Most of all, safeguard your Social Security number. That number is the key that unlocks your entire identity, and a thief that has it can open credit cards, take out loans, and more. Memorize your Social Security number, don’t give it out to anyone who doesn’t actually need it, don’t give it out to anyone who calls and tries to get it out of you, and don’t carry the card around with you.
Learn to Identify Phishing Attacks
Phishing is when a scammer tries to trick you into sharing personal information via email, text, or even over the phone. A common phishing email will claim to be from your bank or an online retailer that you do business with. It will declare that there’s a problem with your account and that you need to click on the link and enter your login credentials to fix it.
This is a trick to steal your banking or shopping credentials. Once they’re in your account, they can steal your money or credit card numbers. You need to be vigilant against these kinds of scams, as they often prey on your emotional reaction to deceive you.
Use Strong Passwords and Multi-Factor Authentication
The combination of strong passwords and multi-factor authentication (MFA) can keep hackers out of your email, bank accounts, social media, and so on. A strong password should contain at least 14 characters, including numbers, letters, and special characters. You should consider stringing together multiple words or creating a passphrase rather than a password. Strong passwords are harder for cyber criminals to crack.
MFA adds a secondary layer of protection to your accounts. It involves a second type of identity verification, such as entering a code into an authenticator app, using your phone number or email address. With MFA, even if a hacker gets your password, they still may not be able to get into your account.
Change Your Passwords Often
You should change your passwords every 90 days, or more often if you have reason to believe they have been compromised – for example, if your information is involved in a data breach or you notice unusual activity on your account.
Monitor Your Credit
New accounts in your name will affect your credit score and will appear on your credit report, so monitoring your credit is a good idea. You can get a free yearly copy of your credit report from each of the three major credit bureaus – Experian, Transunion, and Equifax – and you can spread those out so you’re getting one every four months throughout the year.
You may also be able to get access to digital credit monitoring if you have a bank account or credit card. Often, credit card companies and banks provide credit score monitoring, notifications when new accounts are opened in your name, and even visibility into what collection items or accounts are appearing on your credit report.

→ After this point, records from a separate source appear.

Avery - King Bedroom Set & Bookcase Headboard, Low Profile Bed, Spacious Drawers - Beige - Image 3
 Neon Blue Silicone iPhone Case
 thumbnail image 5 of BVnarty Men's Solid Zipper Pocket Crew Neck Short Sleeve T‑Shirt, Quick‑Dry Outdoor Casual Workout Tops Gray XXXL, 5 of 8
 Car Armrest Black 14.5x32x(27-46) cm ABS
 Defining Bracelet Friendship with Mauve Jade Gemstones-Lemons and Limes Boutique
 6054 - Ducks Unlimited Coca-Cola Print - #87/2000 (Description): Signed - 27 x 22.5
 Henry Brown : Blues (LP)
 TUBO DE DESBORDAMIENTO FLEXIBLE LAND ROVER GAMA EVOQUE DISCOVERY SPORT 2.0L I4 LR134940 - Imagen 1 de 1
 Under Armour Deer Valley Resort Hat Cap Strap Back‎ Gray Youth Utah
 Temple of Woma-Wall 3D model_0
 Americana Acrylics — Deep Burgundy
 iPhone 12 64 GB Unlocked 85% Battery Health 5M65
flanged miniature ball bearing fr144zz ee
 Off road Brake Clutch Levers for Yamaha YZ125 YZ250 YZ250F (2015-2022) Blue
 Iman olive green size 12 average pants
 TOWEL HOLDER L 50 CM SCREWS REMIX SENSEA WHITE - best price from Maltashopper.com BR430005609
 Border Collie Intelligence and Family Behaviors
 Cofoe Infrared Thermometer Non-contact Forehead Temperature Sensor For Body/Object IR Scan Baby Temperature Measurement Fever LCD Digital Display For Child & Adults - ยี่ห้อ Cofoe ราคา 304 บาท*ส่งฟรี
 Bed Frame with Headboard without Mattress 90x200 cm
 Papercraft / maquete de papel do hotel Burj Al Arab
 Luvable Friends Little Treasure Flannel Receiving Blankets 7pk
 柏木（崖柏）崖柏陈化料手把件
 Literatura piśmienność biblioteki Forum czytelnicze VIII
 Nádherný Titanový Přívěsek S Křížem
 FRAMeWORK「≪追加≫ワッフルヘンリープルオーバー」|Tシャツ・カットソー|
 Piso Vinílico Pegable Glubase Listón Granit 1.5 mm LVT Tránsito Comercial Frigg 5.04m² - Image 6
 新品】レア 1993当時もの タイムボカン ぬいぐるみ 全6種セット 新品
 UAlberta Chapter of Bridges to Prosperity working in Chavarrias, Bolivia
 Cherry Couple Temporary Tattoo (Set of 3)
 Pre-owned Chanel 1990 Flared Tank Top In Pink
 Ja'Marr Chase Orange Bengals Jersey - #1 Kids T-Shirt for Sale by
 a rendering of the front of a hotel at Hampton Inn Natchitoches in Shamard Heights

Use an Identity Protection Service
You can use an identity theft protection service to monitor the dark web, the regular web, social media, and so on for signs that your identity has been compromised. Using an identity theft protection service means you’ll be notified right away if your information is compromised by dark web hackers or if suspicious activity has appeared on your credit report.
That way, you’ll be able to stop the thieves before they do too much damage to your financial life. You’ll also get some live help and some amount of insurance to help you recoup the costs of recovery. That can be important when you’re in the middle of having your identity stolen and don’t know what your first move should be.
Identity theft doesn’t have to ruin your life. You can protect your finances, and yourself, so that when identity thieves do try to come for you, you’re ready for them.